Task prompt:
Output nothing but the lines from the beginning of the listing below through the line containing "KOMMODE GENOVA, 34/102/39", exactly as they stand, without pictures.
****************************************
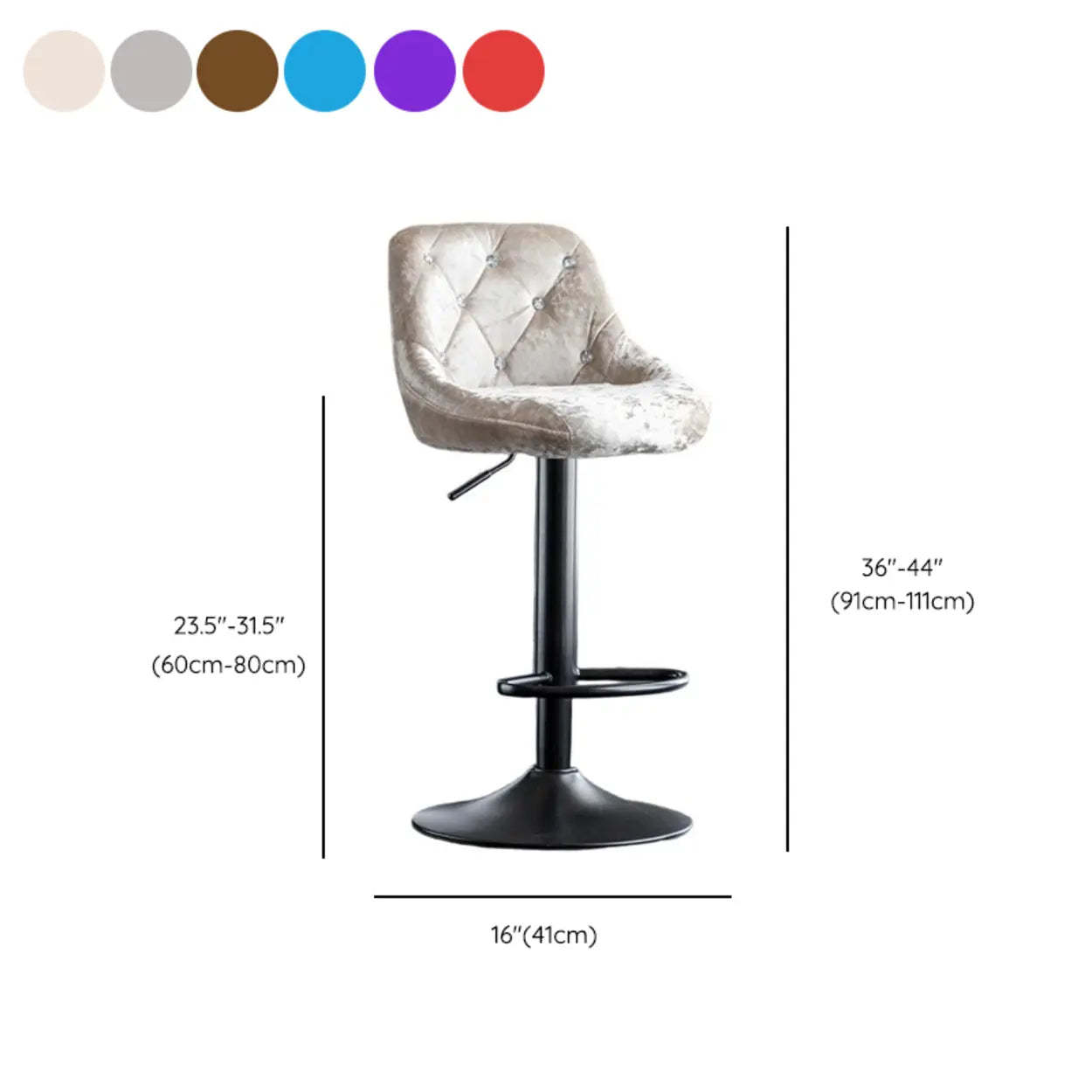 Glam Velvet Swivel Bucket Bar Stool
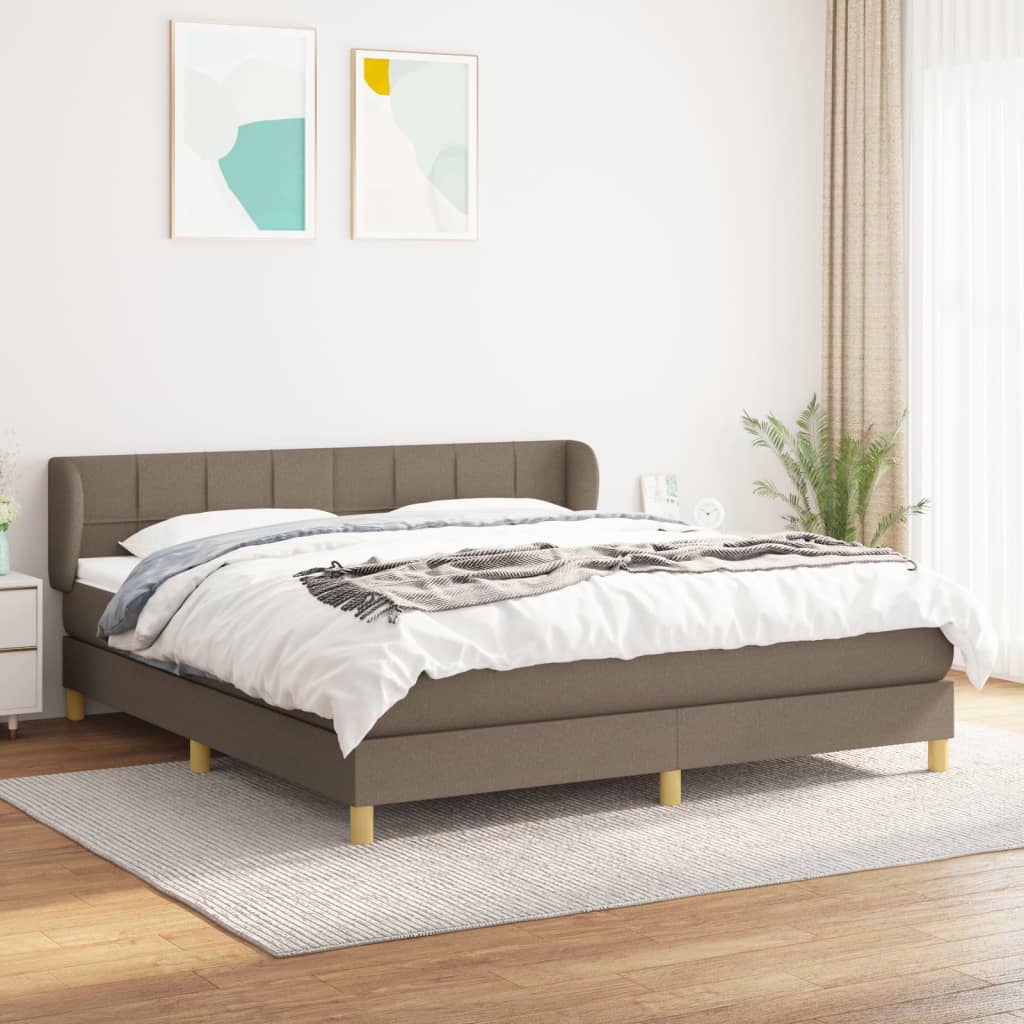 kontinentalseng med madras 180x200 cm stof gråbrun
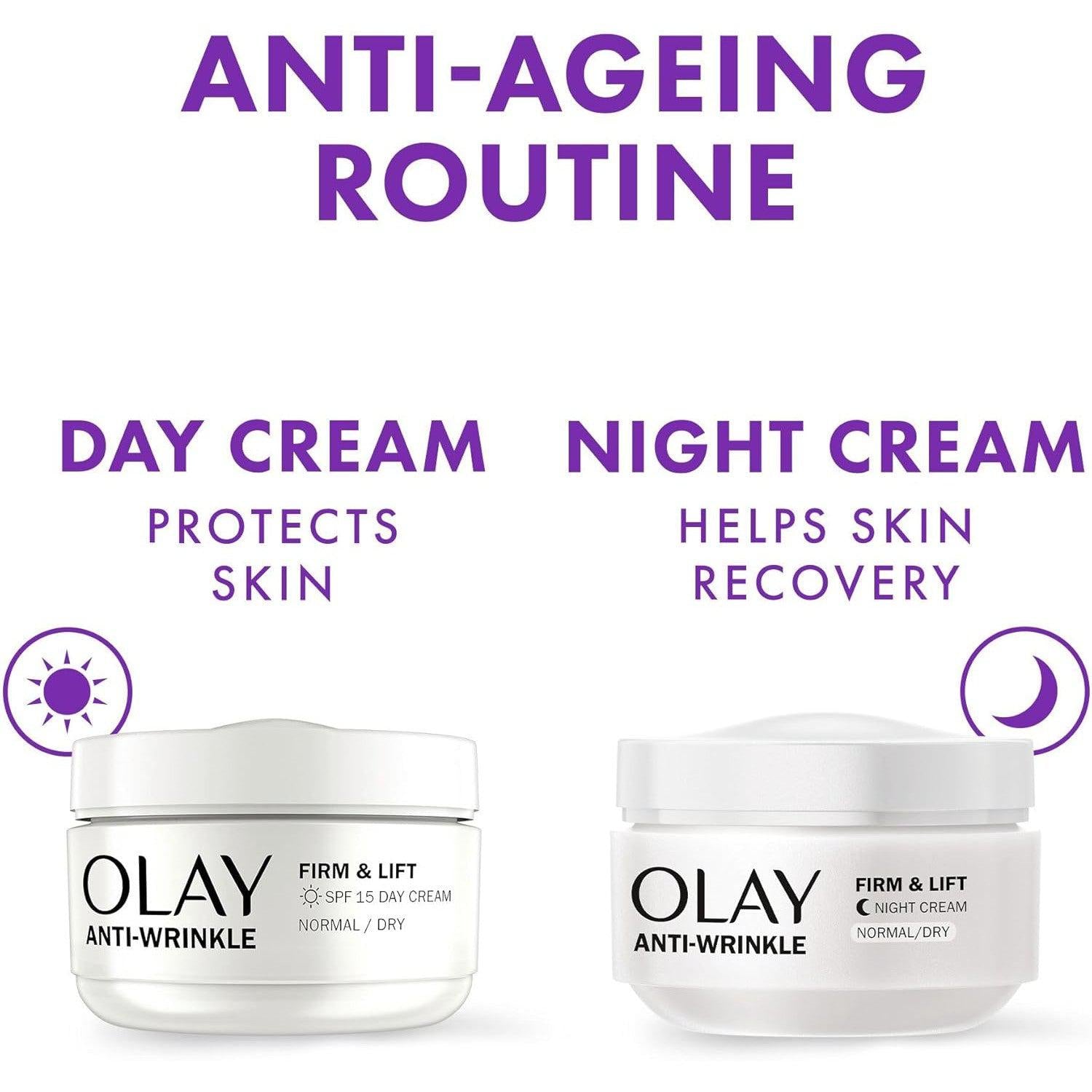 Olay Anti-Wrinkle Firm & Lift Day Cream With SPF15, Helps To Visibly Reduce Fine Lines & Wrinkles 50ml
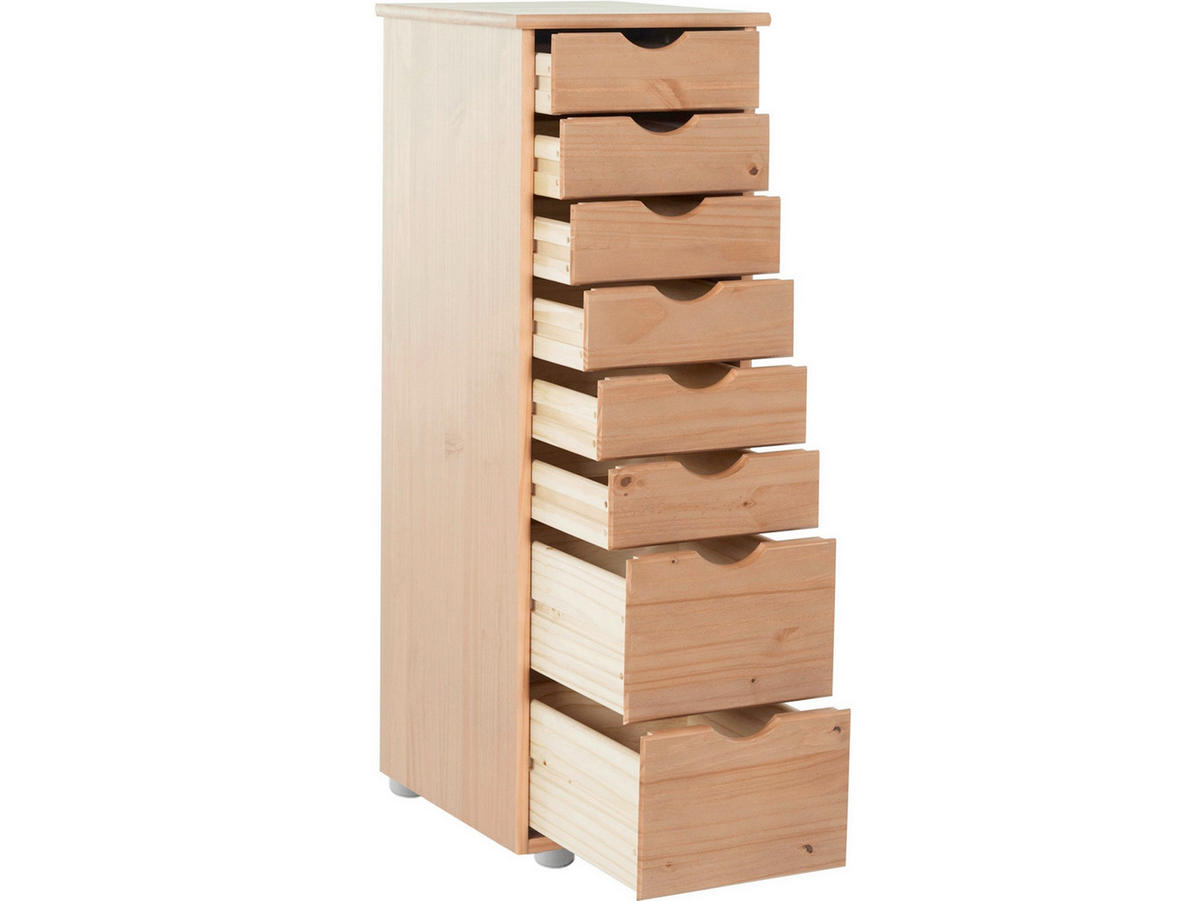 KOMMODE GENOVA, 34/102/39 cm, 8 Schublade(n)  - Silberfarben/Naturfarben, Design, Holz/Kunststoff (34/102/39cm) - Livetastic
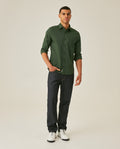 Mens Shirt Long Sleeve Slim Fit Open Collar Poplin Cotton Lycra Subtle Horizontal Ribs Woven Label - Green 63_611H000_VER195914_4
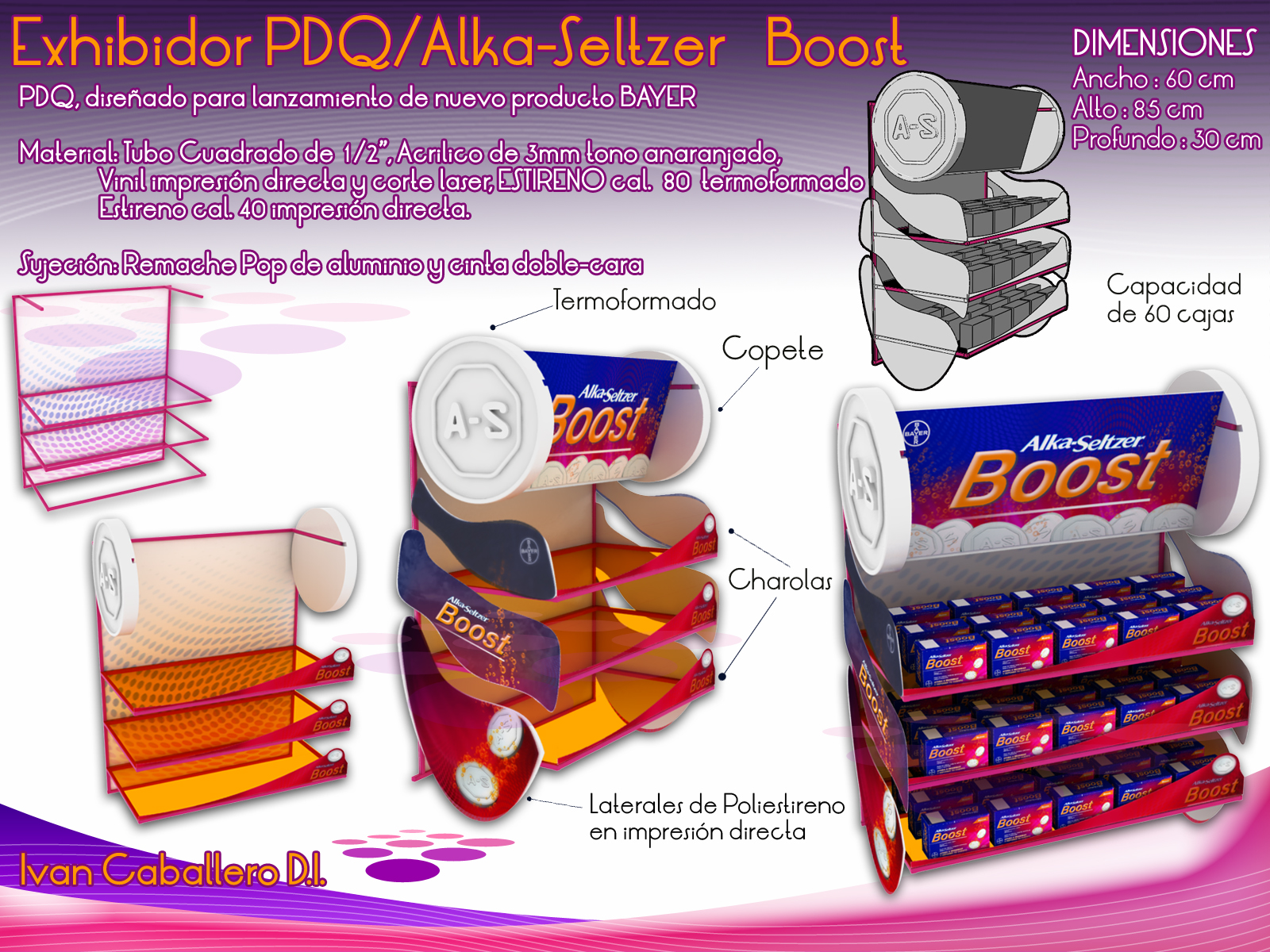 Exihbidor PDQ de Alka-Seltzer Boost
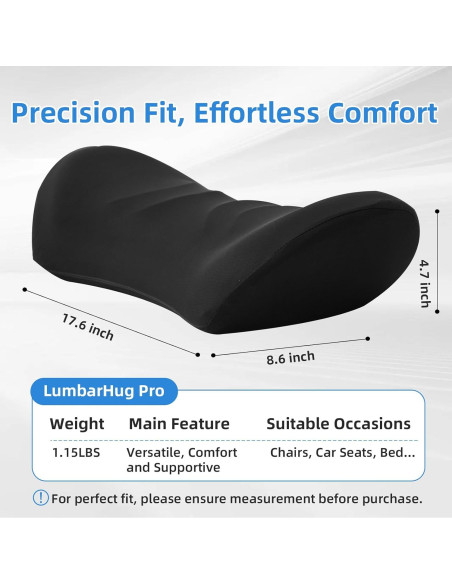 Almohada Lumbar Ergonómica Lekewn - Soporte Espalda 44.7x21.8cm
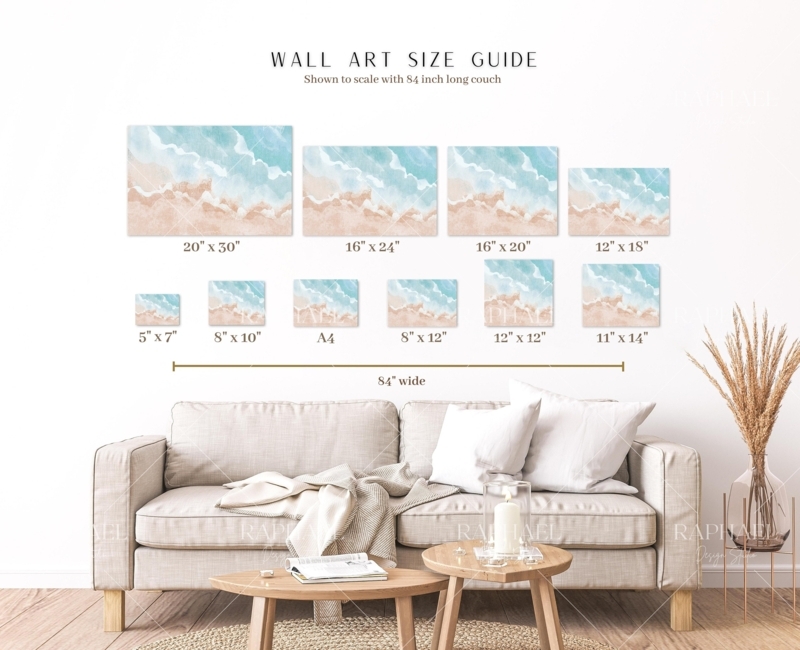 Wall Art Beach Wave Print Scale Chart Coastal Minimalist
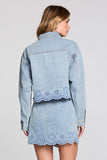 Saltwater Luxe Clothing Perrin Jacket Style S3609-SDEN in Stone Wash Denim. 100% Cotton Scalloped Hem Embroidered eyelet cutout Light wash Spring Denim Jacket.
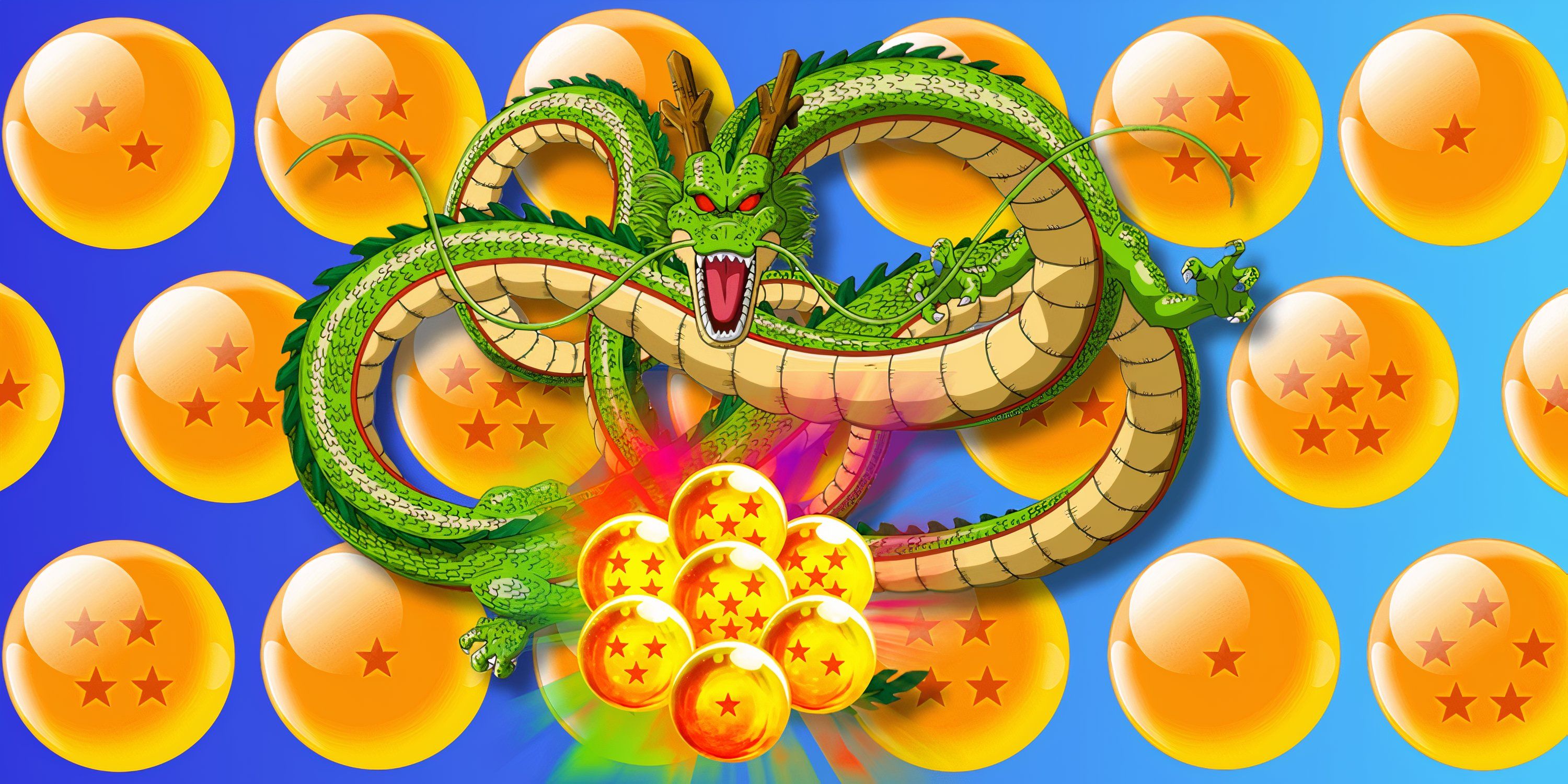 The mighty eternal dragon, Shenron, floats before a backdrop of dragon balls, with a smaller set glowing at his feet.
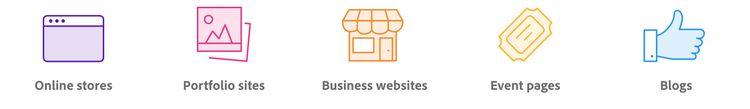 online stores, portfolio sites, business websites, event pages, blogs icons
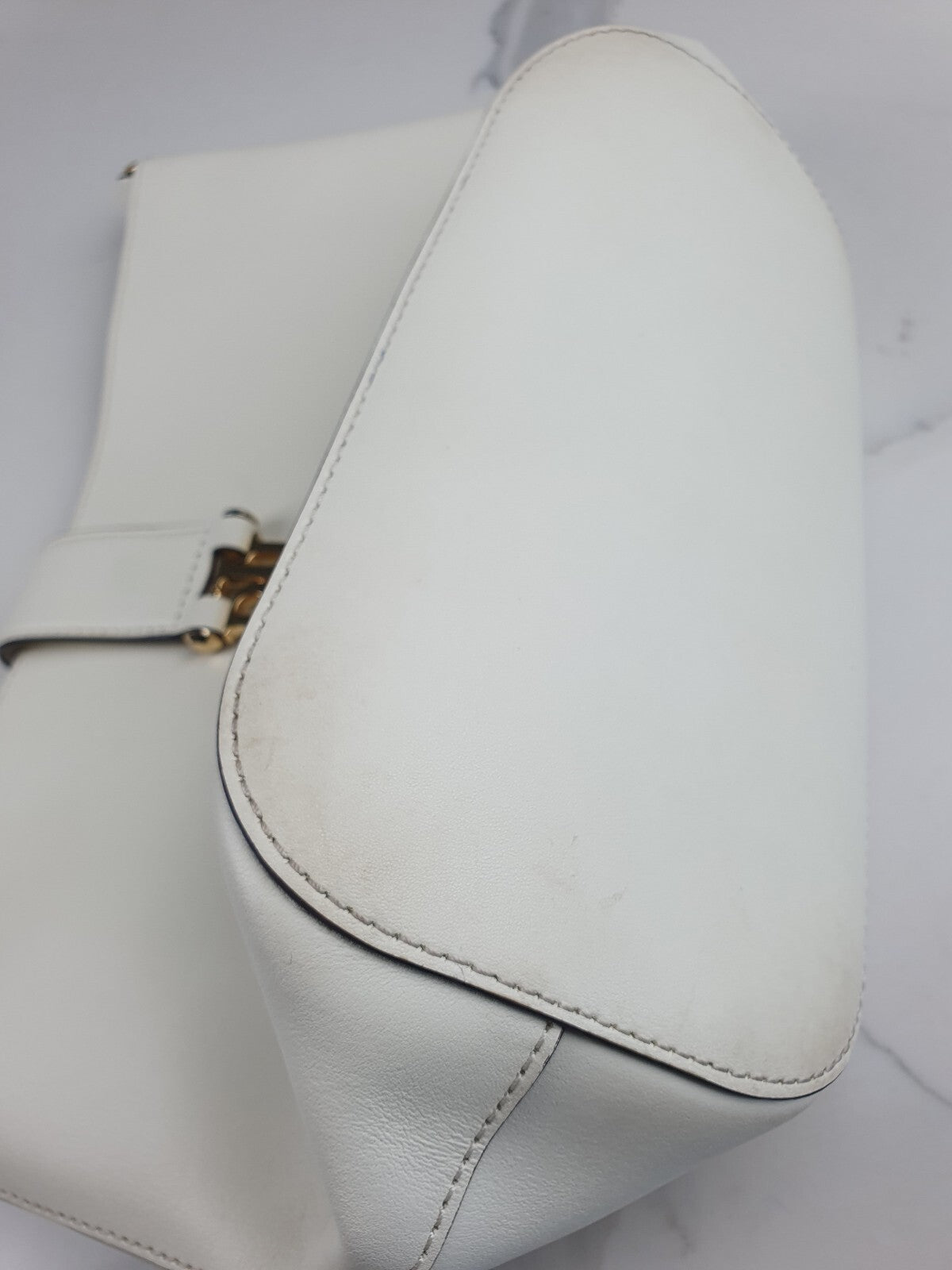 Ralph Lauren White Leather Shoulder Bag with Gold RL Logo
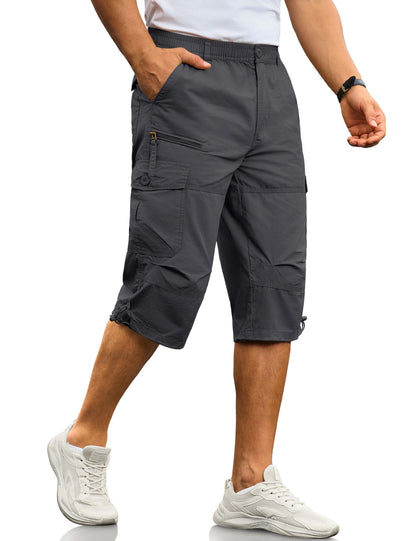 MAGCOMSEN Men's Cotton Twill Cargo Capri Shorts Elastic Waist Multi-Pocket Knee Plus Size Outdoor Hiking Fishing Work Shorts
****************************************
Task response:
 Glam Velvet Swivel Bucket Bar Stool
 kontinentalseng med madras 180x200 cm stof gråbrun
 Olay Anti-Wrinkle Firm & Lift Day Cream With SPF15, Helps To Visibly Reduce Fine Lines & Wrinkles 50ml
 KOMMODE GENOVA, 34/102/39 cm, 8 Schublade(n)  - Silberfarben/Naturfarben, Design, Holz/Kunststoff (34/102/39cm) - Livetastic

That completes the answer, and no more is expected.